Stories by Mike Comerford
Scores of families have been waiting since the early morning to be tended to by physician Nela Cordero and her medical mission of about 50 doctors, nurses, dentists and pharmacists. The South Barrington doctor grew up not far from here. She has returned with free medical treatment and much-needed supplies shipped ahead in a huge container. The government soldiers stand as a reminder that the specter of terrorism hangs in the muggy air. The fate of the supply container hangs with it. Cordero is one of three suburban volunteers on this mission. Mission co-founder Fe Hermosa works the pharmacy, while Wilma Tougas handles admissions. Hermosa and Tougas, both Des Plaines residents, sit on folding chairs. The three are among 63,107 Filipinos whose arc away from their home islands brought them to new lives in the Chicago suburbs as part of the area's fourth-largest immigrant group. The women now return to fill a void they left behind. The annual medical mission was delayed the last three years due to terrorism fears. In that time, the health-care needs did not diminish. "Many of these people wait for the mission so they are very sick when we see them," Cordero says, dressed in her white smock. "They come in from the provinces but are so poor, some don't even have the money to go home." Complicating matters further is a severe shortage of doctors and nurses who leave in droves for better-paying jobs in other countries. The three-day mission peaks on the second day, with nearly 1,000 patients treated. The hallway is filled by people with epilepsy, cataracts, goiters, cleft lips and palates, tumors, liver ailments, urinary infections, broken bones and common colds.

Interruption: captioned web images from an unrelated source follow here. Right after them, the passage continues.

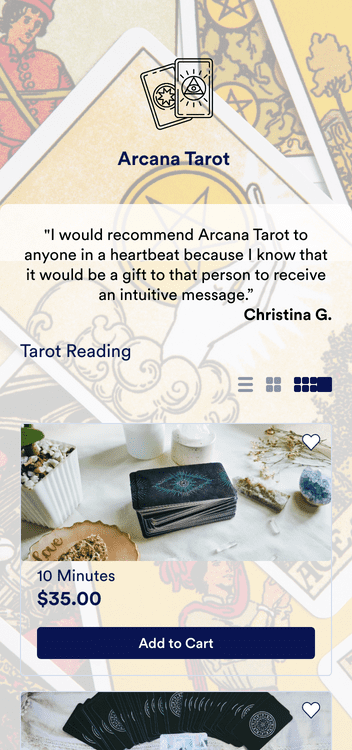 Tarot Reading App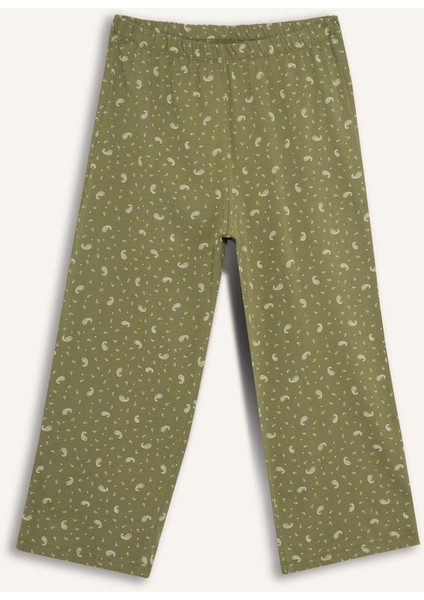 Beli Lastikli Desenli Pijama Altı-Fall in Love F7561AX25AU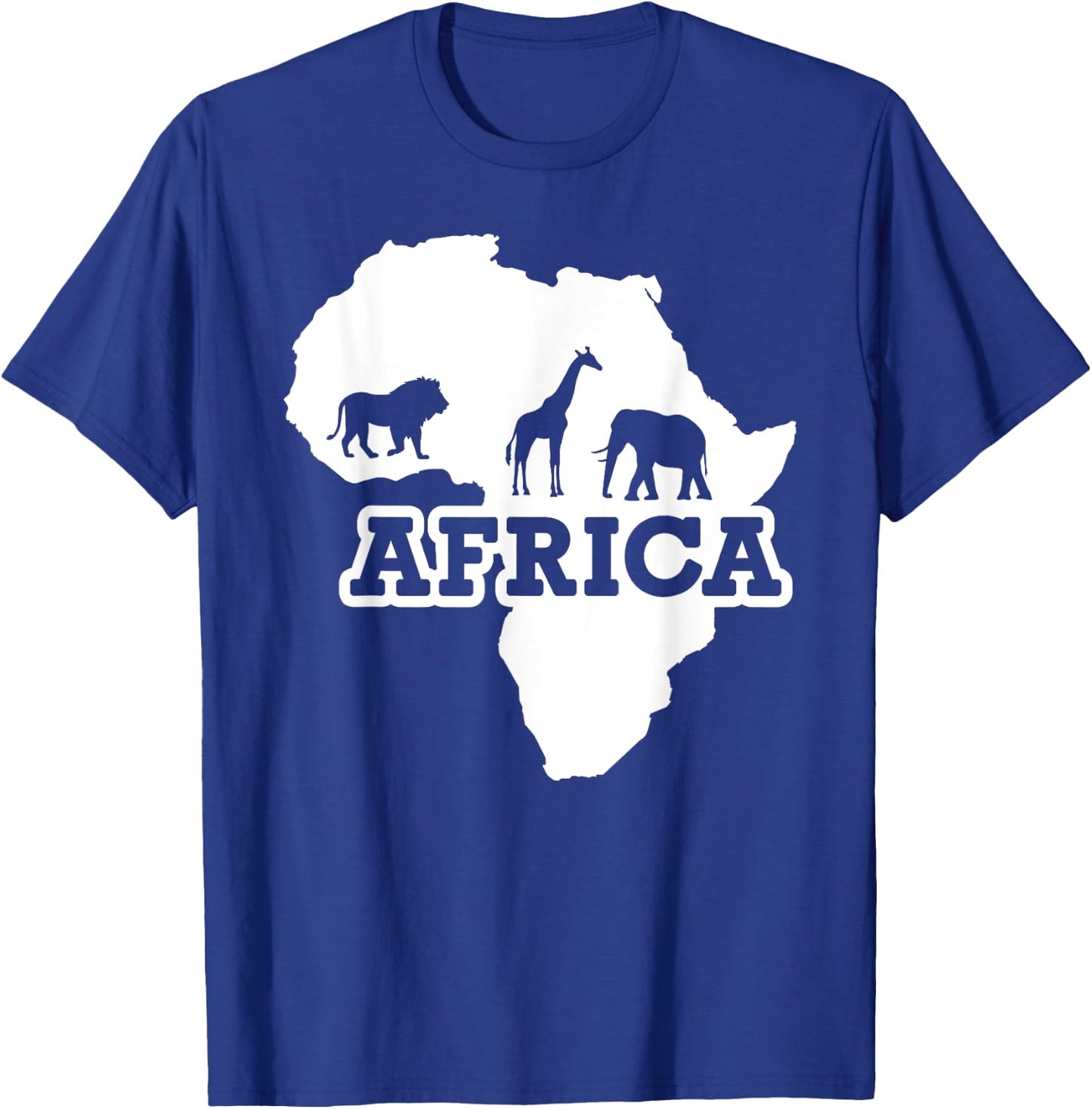 Africa Map T-Shirt - T-Shirt | Royal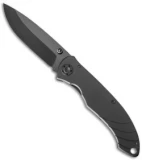 Stone River Ceramic Frame Lock Knife Titanium (2.9" Black) SRG4TRB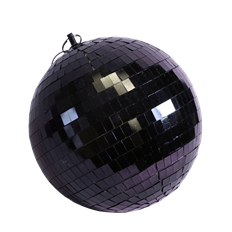 MIRROR BALL 7" BLACK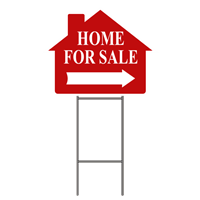 HOME FOR SALE W/FRAME - SINGLE UNIT ($9.55 ea.)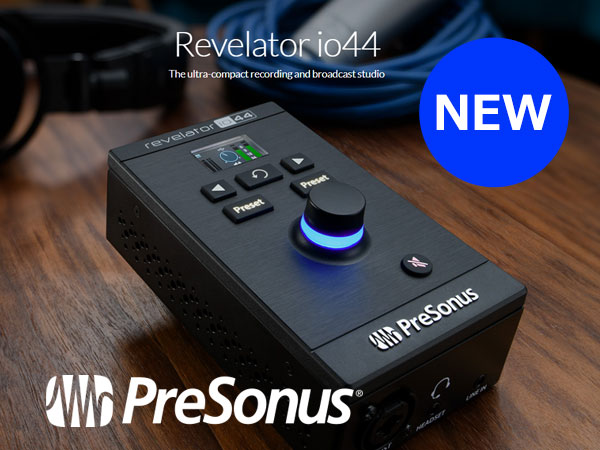 Introducing the USB I / O Revelator io4  that is ideal for online distribution!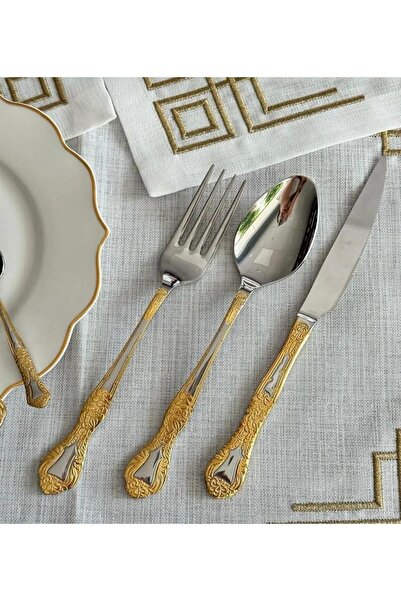 DUKKANI ISTANBUL Kaşık Seti 18 parça Sarmaşık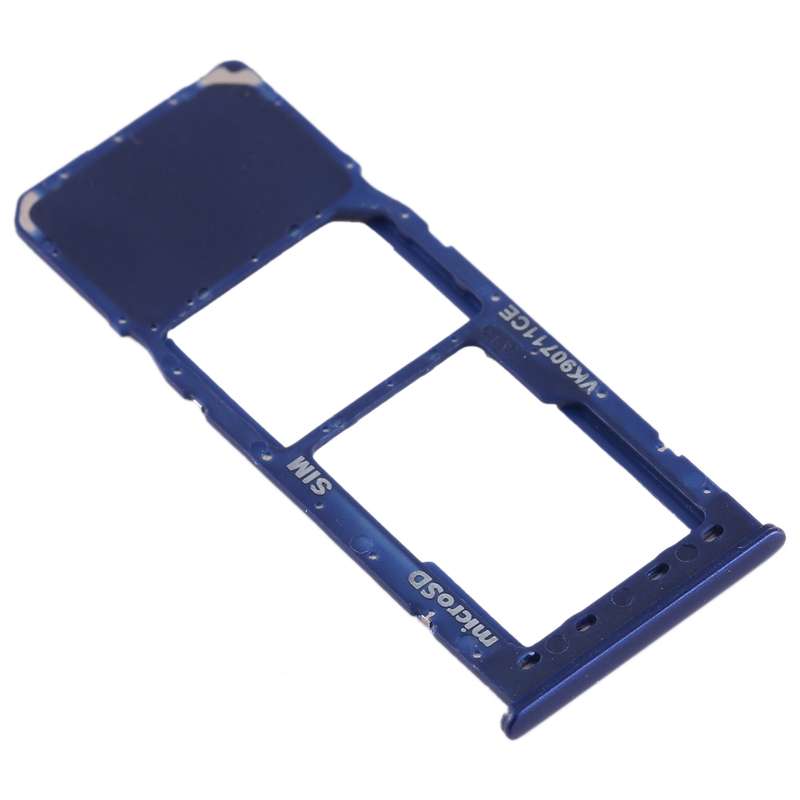 For Galaxy A10 SIM Card Tray + Micro SD Card Tray (Blue)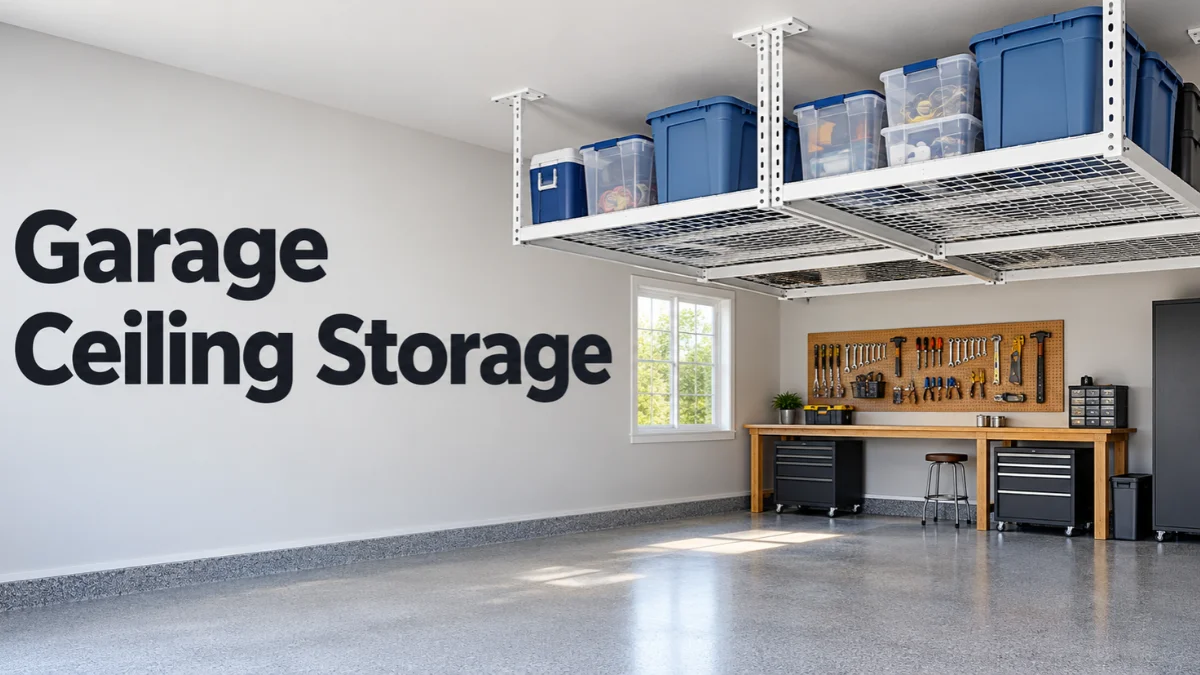 Garage Ceiling Storage: 9 Safe Ideas for More Space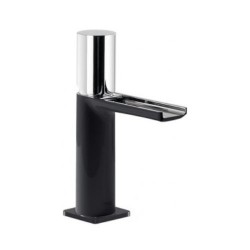 MONOMANDO DE LAVABO CASCADA LIBRE LOFT COLORS CROMO-NEGRO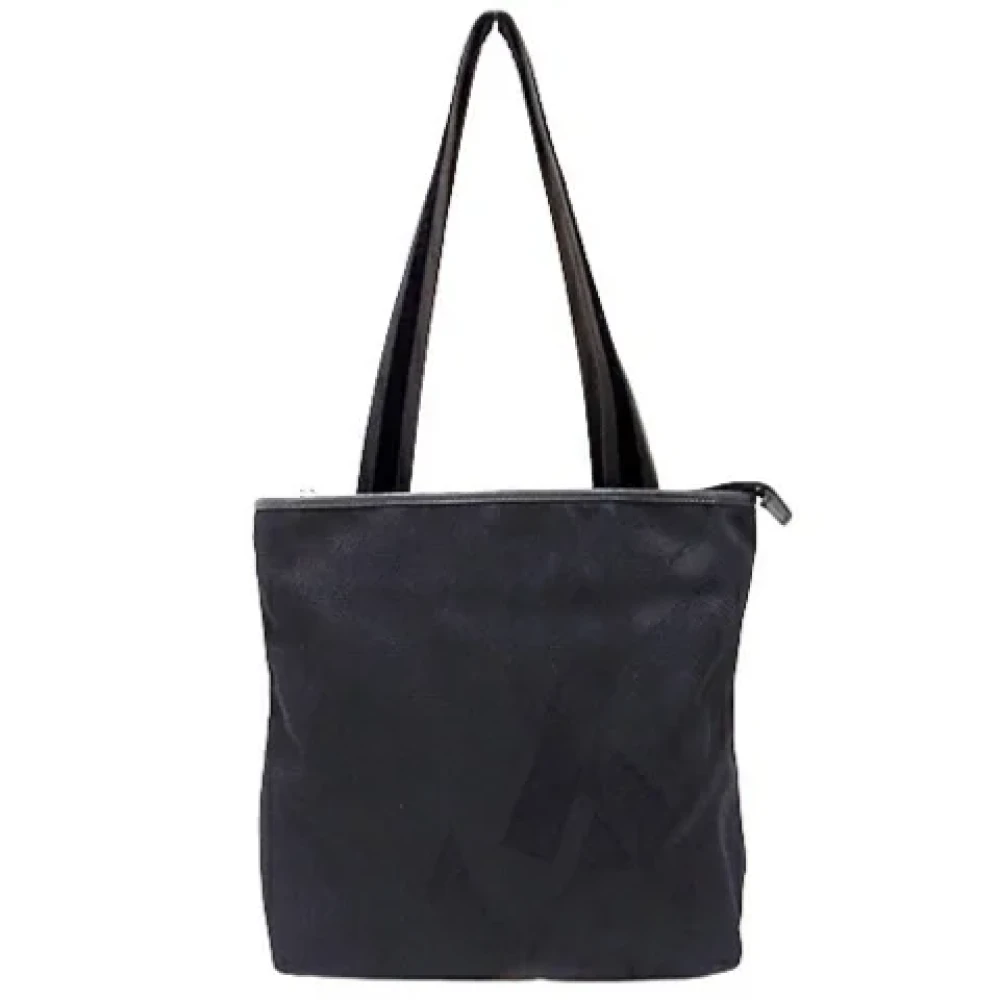 Saint Laurent Vintage Pre-owned Canvas shoulder-bags Black Dames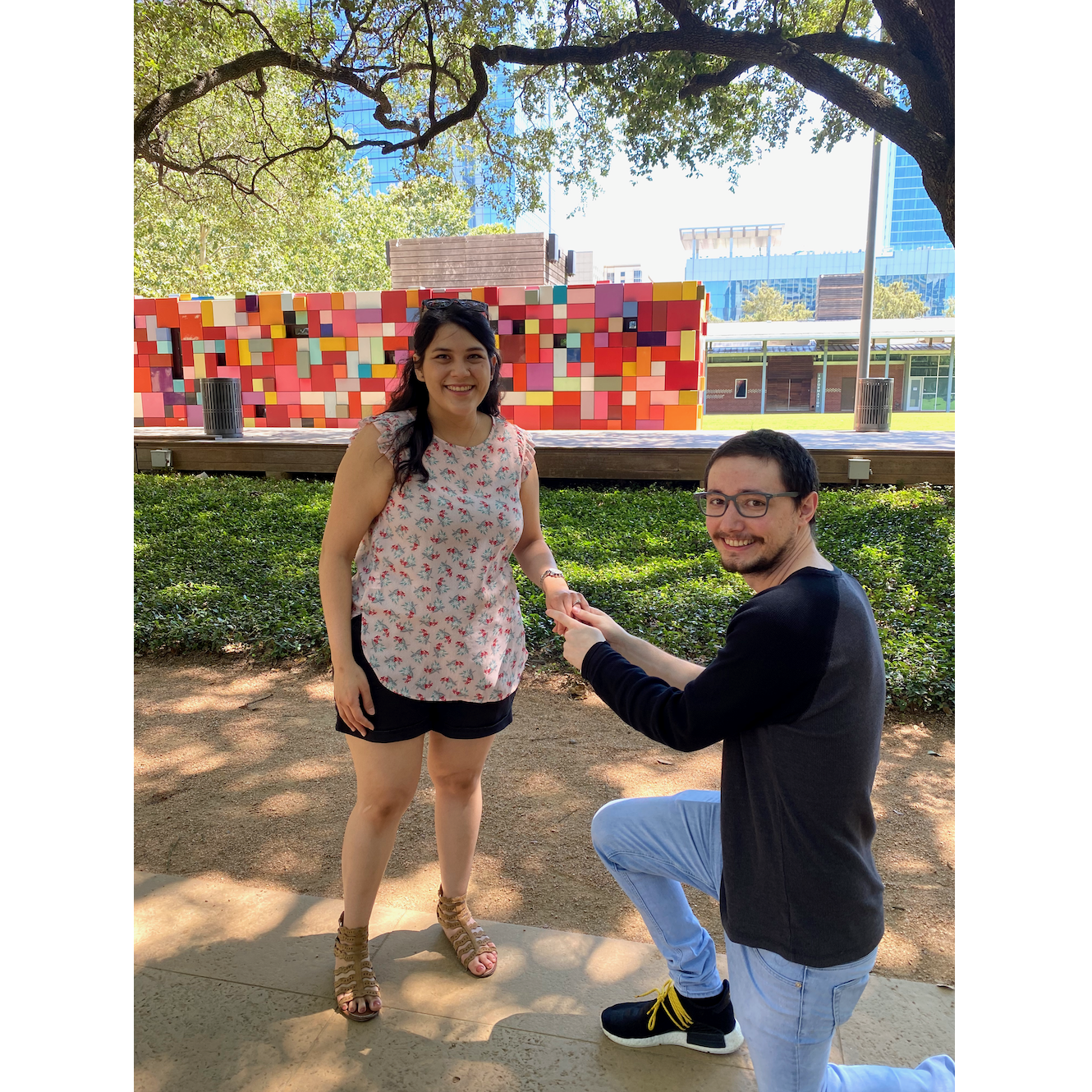 When he proposed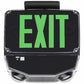 Lithonia WLTC B 2 G SD TPS M4 Wet Location LED Green Exit Sign Combo with Battery Backup, Black Double Face, Green Letter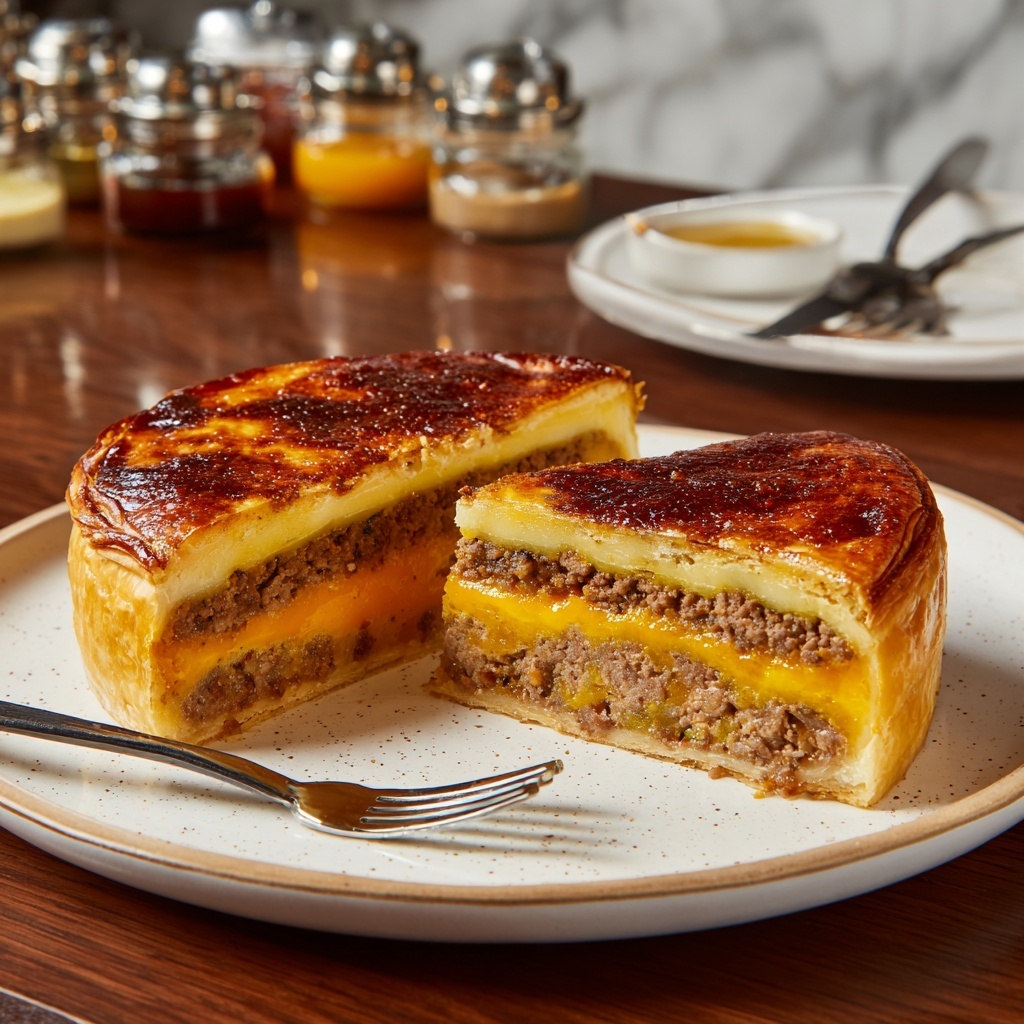 Easy Hamburger Pie Recipe - Recipe Image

"We have to do this," Hermosa says as she hands out prescriptions, "because they need our help and we have to give back." Exporting care Such medical missions in the Philippines have become an unofficial necessity with the extensive emigration of health-care workers. Estimates show 50,000 nurses left the Philippines in the last three years, making it the top exporter of health-care workers in the world, according to the National Institutes of Health in Manila. Some doctors emigrate as nurses because it is easier and faster due to a higher demand for nurses in America. A Philippine Department of Health study estimates 42 of the poorest cities in the country have no physicians at all. Cordero and her husband, Henry, also a doctor, left for America in 1970. In 1997, Cordero and Hermosa traveled to Palawan on their first mission, having raised just $1,000 for supplies. They co-founded the tax-exempt U.S. Palawan Medical Mission Group. The Corderos since have sponsored four medical missions, spending hundreds of hours packing supplies and organizing fund-raisers. Cordero's missions had always been informal acts of charity, arranged through the local hospital. But this latest mission grew larger. Volunteers managed to raise $20,000. And the Pittsburgh-based charity Brother's Brother Foundation contributed about $1.5 million in used hospital beds and equipment that were shipped ahead by freighter.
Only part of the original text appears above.